Q:Do you know how to confuse a coal miner?
A:Show him two shovels and then ask him to take his pick.
Yours Fun Portal !
Q:Do you know how to confuse a coal miner?
A:Show him two shovels and then ask him to take his pick.
What happened to the plastic surgeon when he sat too close to the fire?
– He melted.
One day a space shuttle crashed to the ground in the yard of a Kindergarten.
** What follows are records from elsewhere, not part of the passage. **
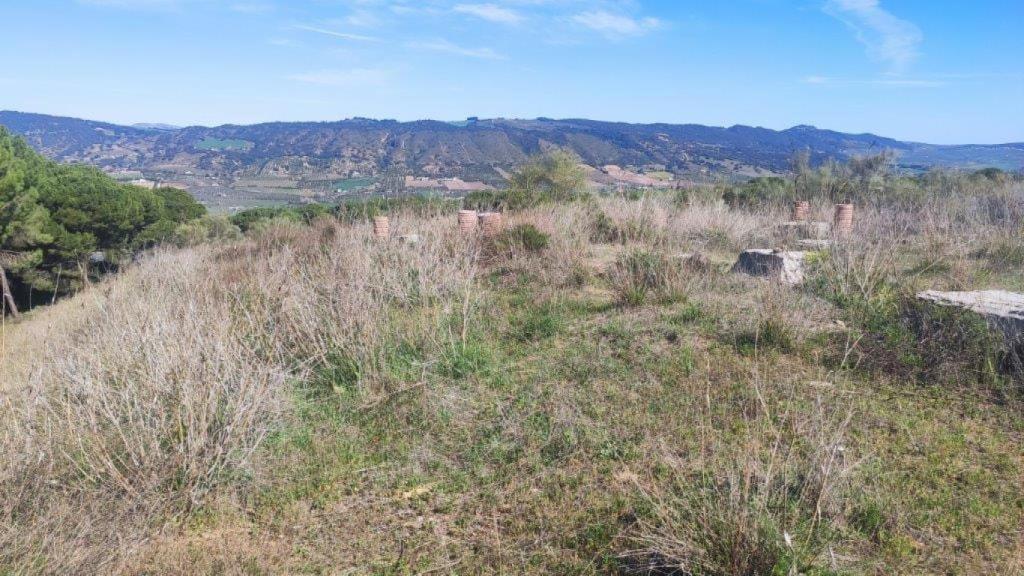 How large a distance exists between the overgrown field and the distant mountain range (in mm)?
39424

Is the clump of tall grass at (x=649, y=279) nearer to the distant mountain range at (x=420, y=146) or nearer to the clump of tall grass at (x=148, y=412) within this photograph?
the clump of tall grass at (x=148, y=412)

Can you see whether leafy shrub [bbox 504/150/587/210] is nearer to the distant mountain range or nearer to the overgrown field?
the distant mountain range

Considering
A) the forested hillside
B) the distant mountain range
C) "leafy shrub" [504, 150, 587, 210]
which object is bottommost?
the forested hillside

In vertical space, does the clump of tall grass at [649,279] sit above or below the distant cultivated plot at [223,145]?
below

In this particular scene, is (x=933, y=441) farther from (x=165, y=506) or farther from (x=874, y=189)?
(x=874, y=189)

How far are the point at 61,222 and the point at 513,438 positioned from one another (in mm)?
22529

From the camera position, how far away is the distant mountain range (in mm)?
50812

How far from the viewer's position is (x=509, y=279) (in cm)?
828

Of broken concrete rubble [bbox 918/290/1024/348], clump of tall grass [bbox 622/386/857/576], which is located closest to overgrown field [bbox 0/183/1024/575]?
clump of tall grass [bbox 622/386/857/576]

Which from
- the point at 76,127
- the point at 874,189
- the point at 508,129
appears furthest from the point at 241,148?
the point at 874,189

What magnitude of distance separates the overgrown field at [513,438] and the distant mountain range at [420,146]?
1552 inches

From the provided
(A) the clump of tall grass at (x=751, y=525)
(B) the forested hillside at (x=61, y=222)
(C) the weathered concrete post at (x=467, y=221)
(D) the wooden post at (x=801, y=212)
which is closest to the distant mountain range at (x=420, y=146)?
(B) the forested hillside at (x=61, y=222)

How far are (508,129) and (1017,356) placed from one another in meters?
70.8

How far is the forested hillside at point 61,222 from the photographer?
16.6 m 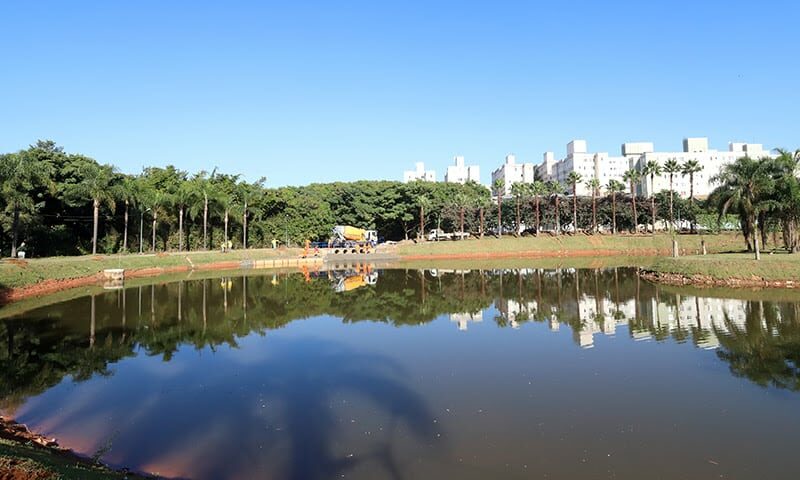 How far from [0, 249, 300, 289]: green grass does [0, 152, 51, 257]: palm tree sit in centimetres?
403

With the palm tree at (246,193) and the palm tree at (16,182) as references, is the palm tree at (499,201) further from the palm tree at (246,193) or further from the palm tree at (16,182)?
the palm tree at (16,182)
When he finally struggled out of the wreckage, the astronaut shouted, “I’m free!
I’m free!!!” At this point, one of the little children standing there shouted
back, “Big deal, I’m four!”
EAR ABOUT THE 2 GAY IRISHMEN??? MICHAELFITZPATRICK OR PATRICHFITZMICHAEL lol VERY OLD JOKE 2NDONE LOL FATHER OBRIEN CA;;ED FORM LAST RIGHTS AT MACINCE SHOP!! DO YOU THE IN THE FATHER THE AND THE SONA AND THE HOLY GHOSAT!!!??? GENTLEMAND DYINGS SAYS I AM DYINF YOUR GIVING ME RIDDLES lol
Q: What is the difference between a blonde and a 747?
A: Not everyone has been in a 747.
One day a man named Bob was playing a round of golf with the Pope. On
the first hole, Bob hits the ball into a sand trap “Damn, I missed.”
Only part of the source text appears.